═════ Dataset excerpts

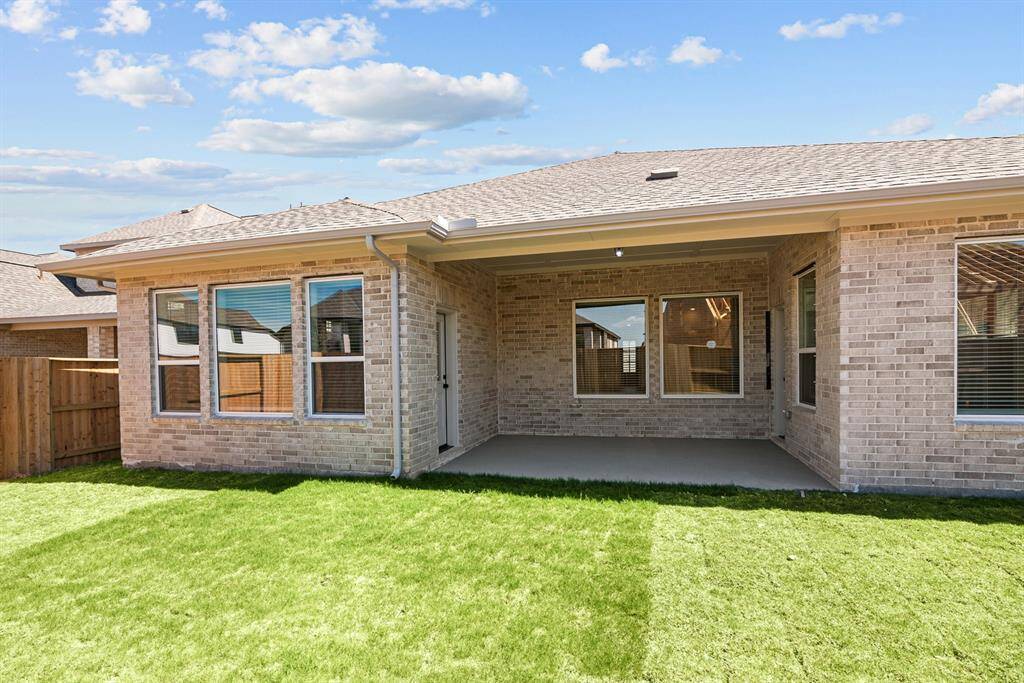 Welcome to The Pinto by David Weekley Homes. Move-In-Ready Now!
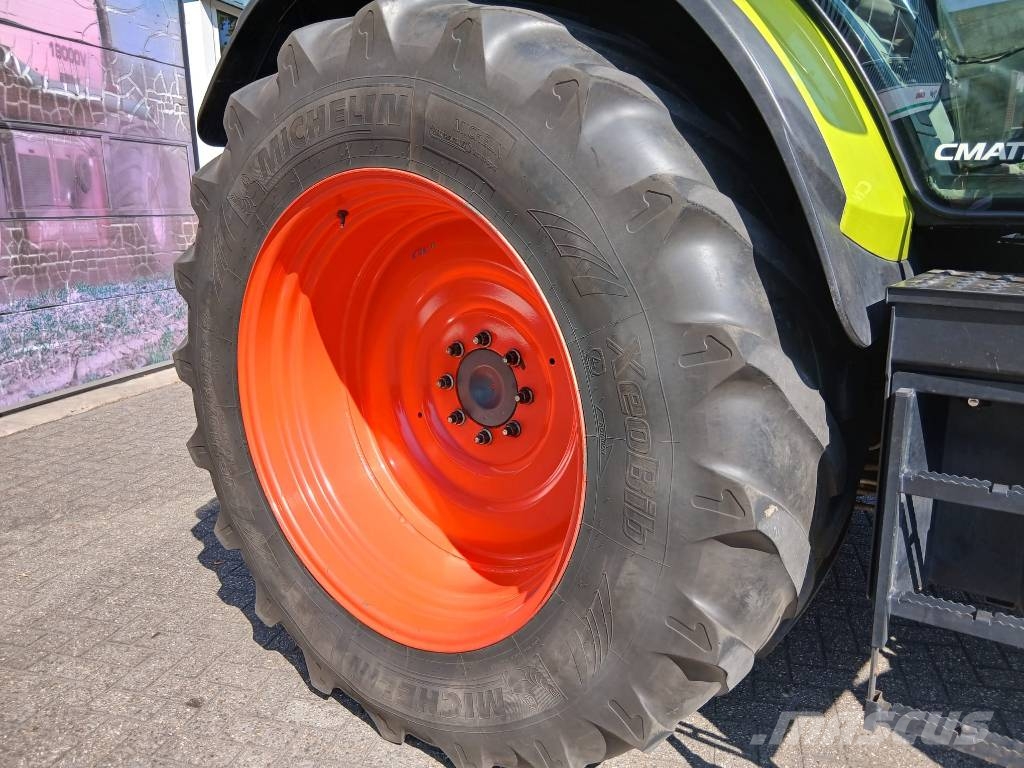 CLAAS Arion 660 CMATIC CEBIS الجرارات
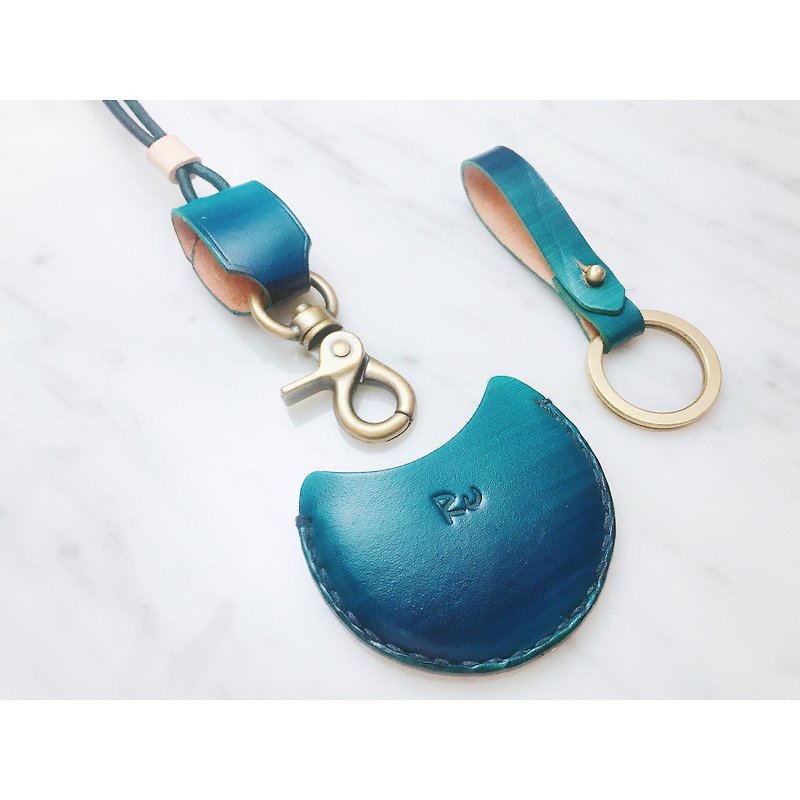 gogoro key key holster key leather cord can be printed for free with English letters Nick Pippi - Keychains - Genuine Leather Blue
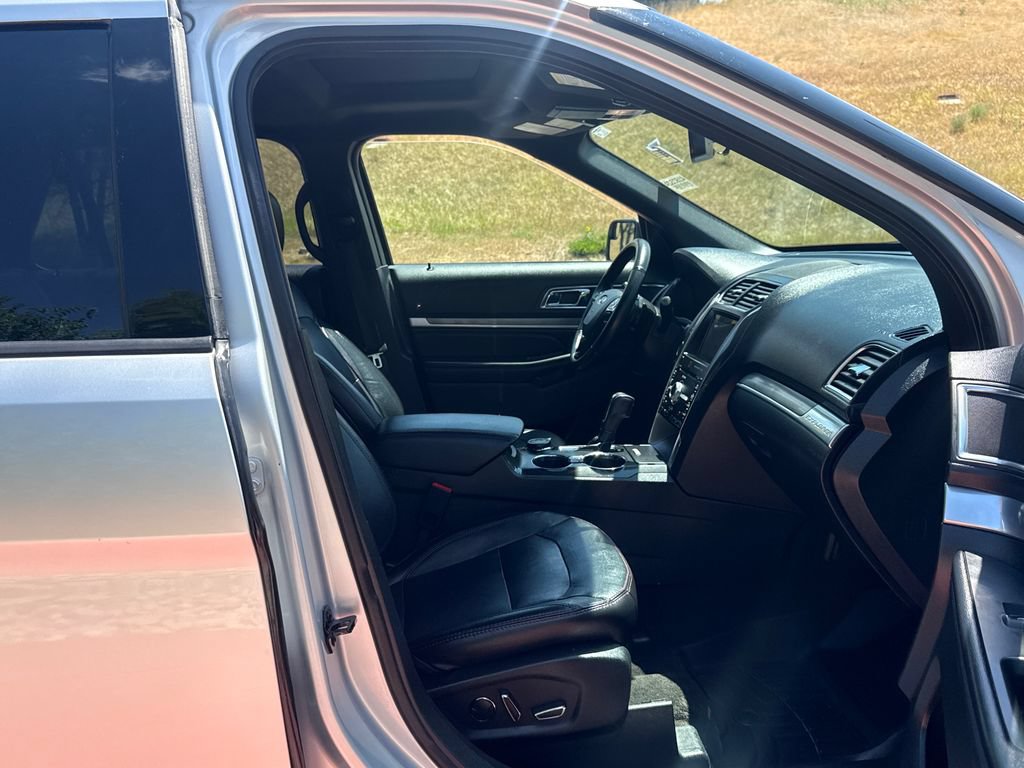 Certified 2018 Ford Explorer Sport AWD/4WD image 31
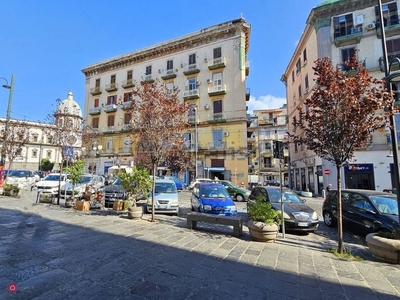 Negozio/Locale commerciale in Vendita in Piazza Capuana a Napoli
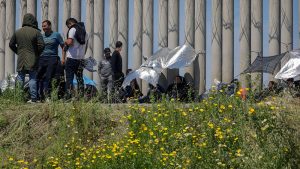 "Čuvari ga udavili": Još jedno ubistvo migranta u SAD, potvrdio obdukcioni nalaz 1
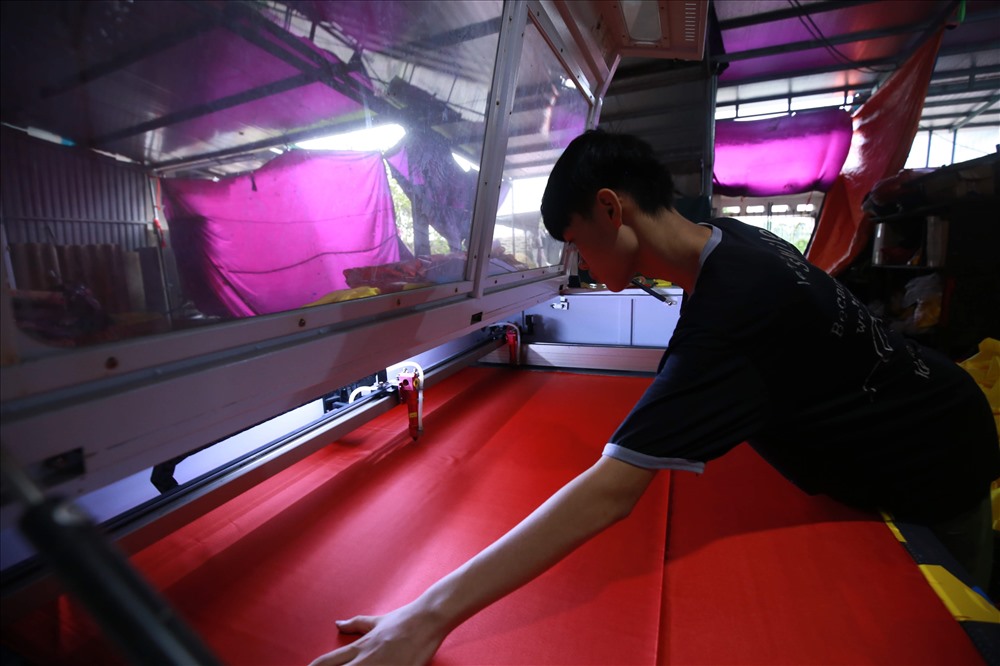 Tất bật, rộn ràng trong gia đình 4 đời may cờ Tổ quốc trước Quốc khánh 2.9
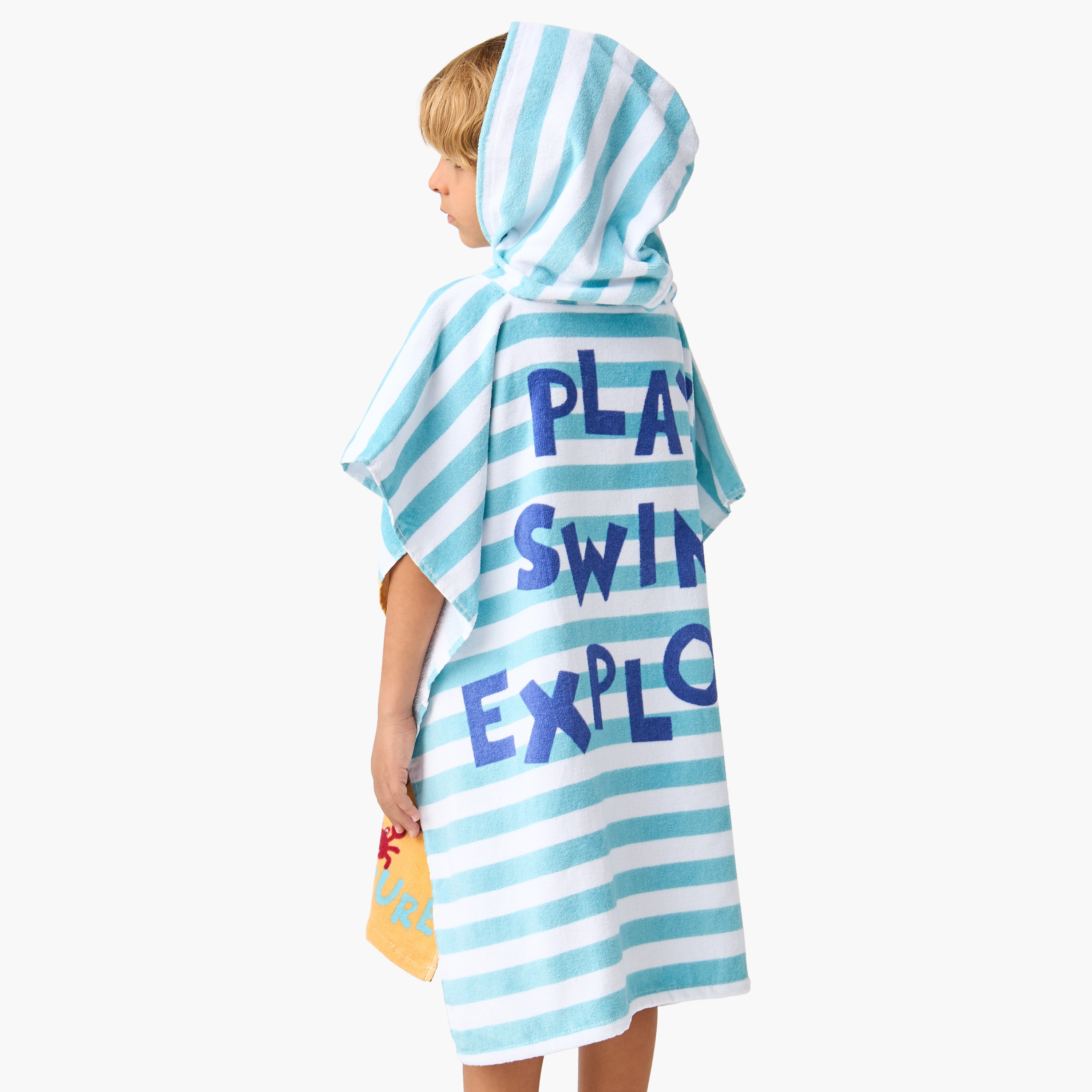 منشفة بقبعة وطبعات ميكي ماوس من ديزني - 60x60 سم-baby-bathandcare-towels-image-3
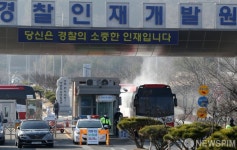 임시 격리시설 나오는 1차 우한 교민들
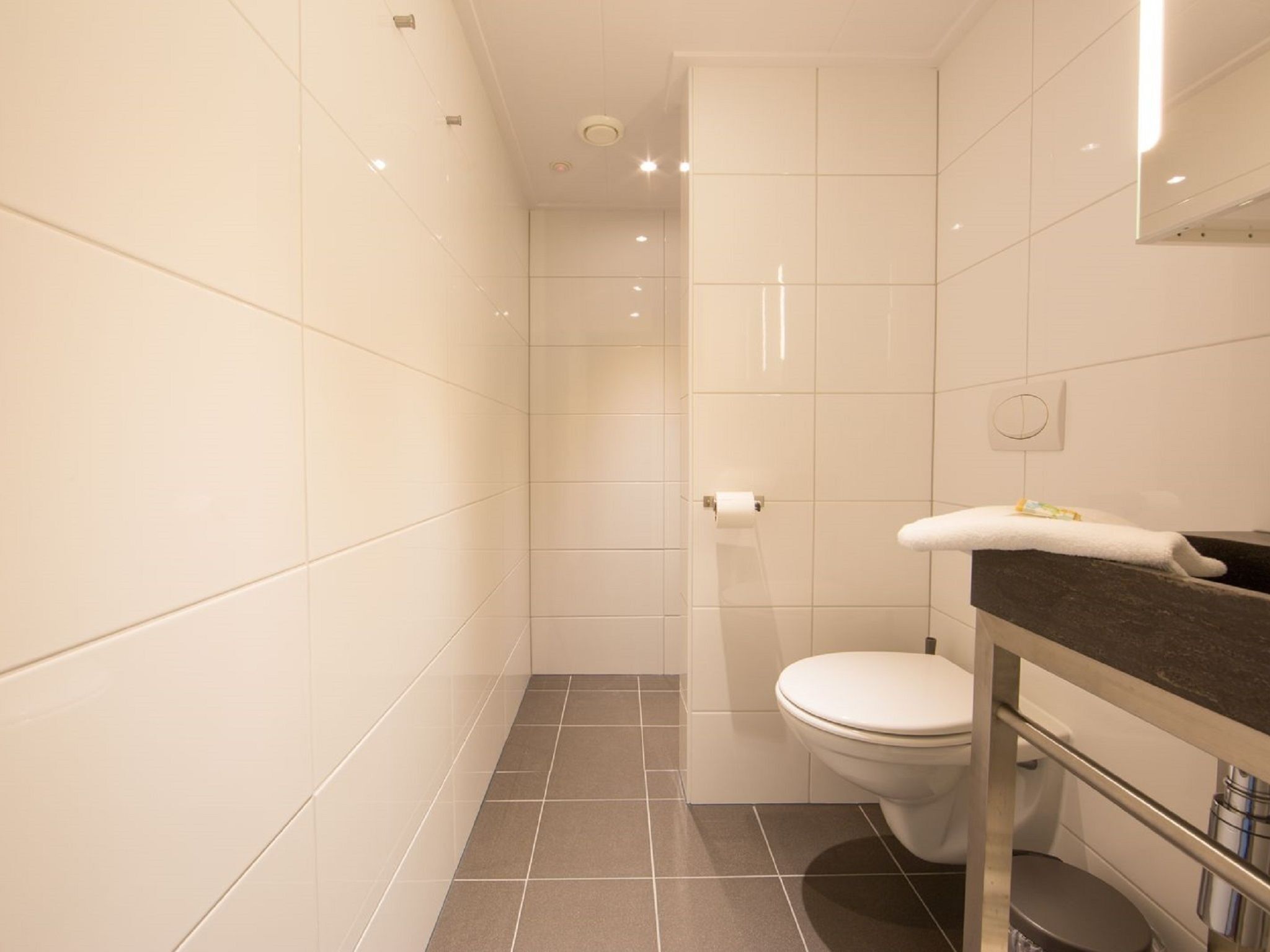 Apartment | Bathroom | Shower, towels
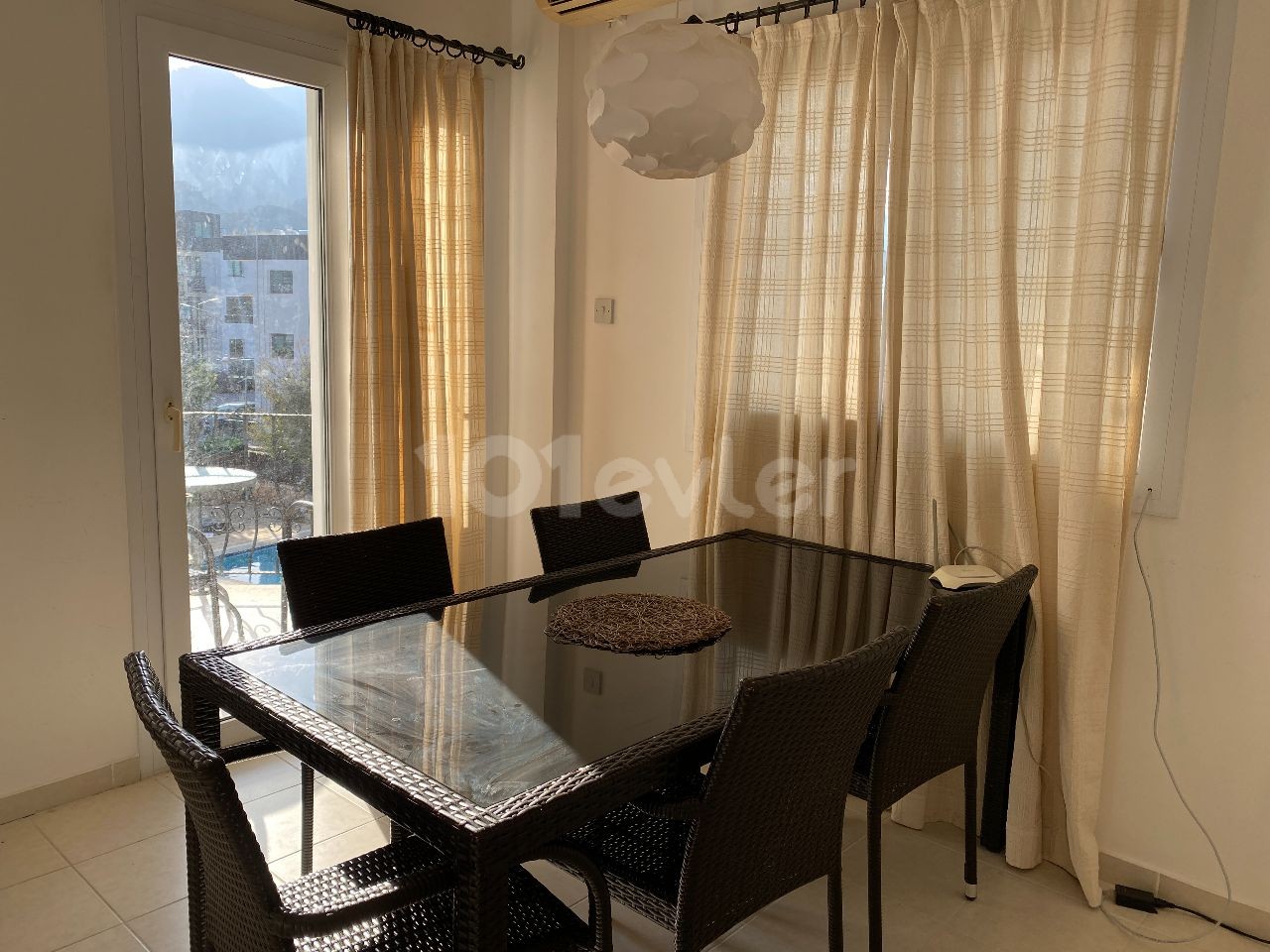 3+1 Wohnung zur Miete auf einem Grundstück mit Pool in der Region Kyrenia Alsancak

══════════

▶ **Try it**: Without the pictures, transcribe the lines from the one containing "منشفة بقبعة وطبعات" through the end of the data, exactly and only those.

▶ **Response to this task**:
 منشفة بقبعة وطبعات ميكي ماوس من ديزني - 60x60 سم-baby-bathandcare-towels-image-3
 임시 격리시설 나오는 1차 우한 교민들
 Apartment | Bathroom | Shower, towels
 3+1 Wohnung zur Miete auf einem Grundstück mit Pool in der Region Kyrenia Alsancak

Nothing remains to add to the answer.